Federal prosecutors say the Native Mob is a criminal organization that dealt drugs and spread fear through Indian Country, attacking rivals and informants who threatened its business.
Attorneys for three men facing racketeering charges in Minneapolis say the organization existed primarily to protect its members, and that any crimes they committed were random, spontaneous acts committed by violent individuals who were twisted by poverty, drug and alcohol abuse.
Jurors heard those arguments Tuesday at the close of a grueling seven-week trial involving 900 exhibits and more than 250 witnesses. Now it’s up to them to determine whether the defendants were members of an organized crime conspiracy, a determination that could send them to prison for life.
If not, the defense attorneys argued that they must acquit the defendants despite the fact that two of them testified openly about committing serious crimes.
Assistant U.S. Attorney Andrew Winter spent more than two hours recounting testimony that portrayed the Native Mob as a highly structured organization with bylaws, council meetings, promotions and demotions. And it shows a zeal for witness tampering, targeting anyone who threatens its existence, he said.
Winter played a recording of defendant Wakinyan Wakan McArthur, allegedly a leader of the group, saying that snitches who talk to the police are the biggest threat to the Native Mob’s existence.
Jurors heard endless streams of expletives and racial slurs in secretly recorded conversations as Native Mob members talked about going out to “smash” or “blam” rivals.
Winter said group members sold cocaine, crack, heroin and marijuana as part of the racketeering conspiracy, the purpose of which was to make money.
He ticked off a string of violent acts he said were committed by Native Mob members.
Defendant William Morris testified that he shot Amos LaDuke as he was carrying his 5-year-old daughter in 2010, but not because co-defendant Anthony Cree had ordered a hit, as the government alleged.
Morris said he shot LaDuke because they had a confrontation and he feared LaDuke would come after him. His attorney, Thomas Shiah, insisted that Morris is not even a member of the Native Mob, so he can’t be guilty of racketeering.

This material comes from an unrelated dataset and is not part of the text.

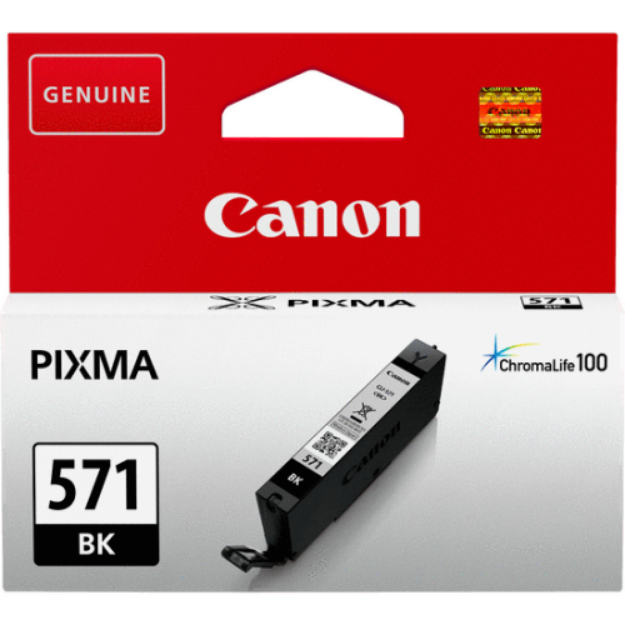 Picture of Canon CLI-571 Black Standard Capacity Ink Cartridge 7ml - 0385C001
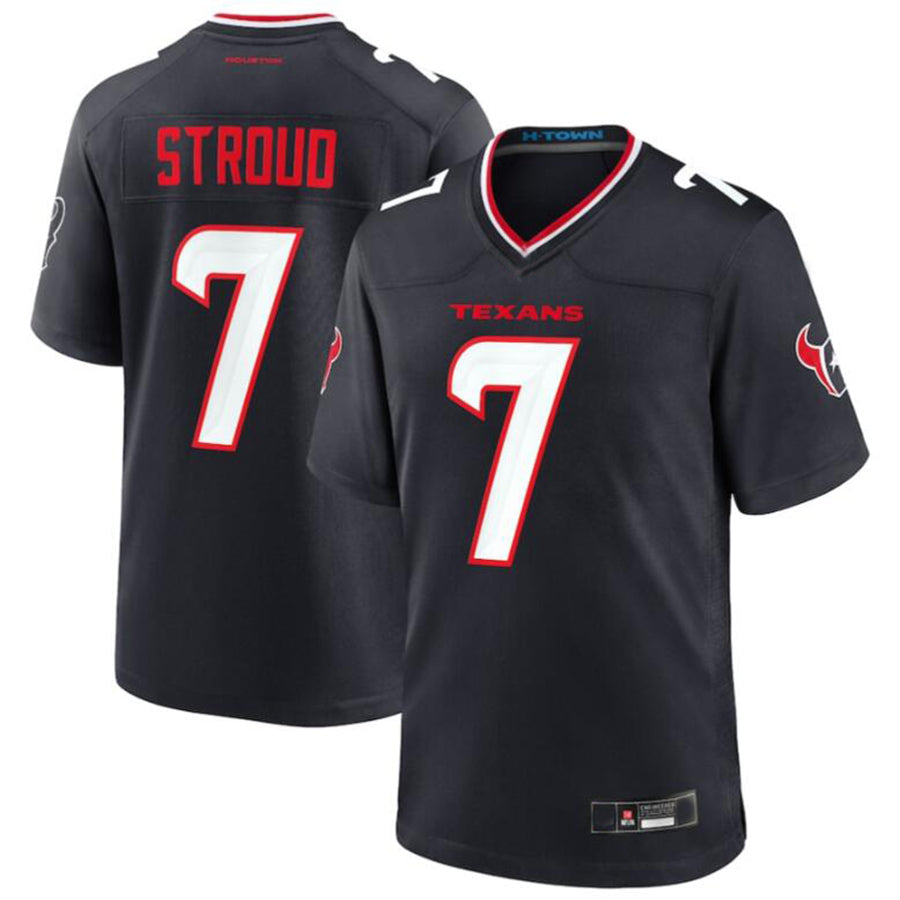 H.Texans #7 C.J. Stroud Player Navy Game Jersey Stitched American Football Jerseys football jersey product view 2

Shiah argued that the government was using the heavy hammer of the racketeering statute “to eradicate and eliminate a small portion of the Native American population.”
“It’s shock and awe,” Shiah said. Just because a Native Mob member commits a crime doesn’t make it part of a racketeering conspiracy, he said.
Defense attorneys Frederick Goetz, who represents McArthur, and John Brink, who represents Cree, acknowledged that their clients were Native Mob members. But they said no racketeering took place because any crimes committed were unforeseeable acts.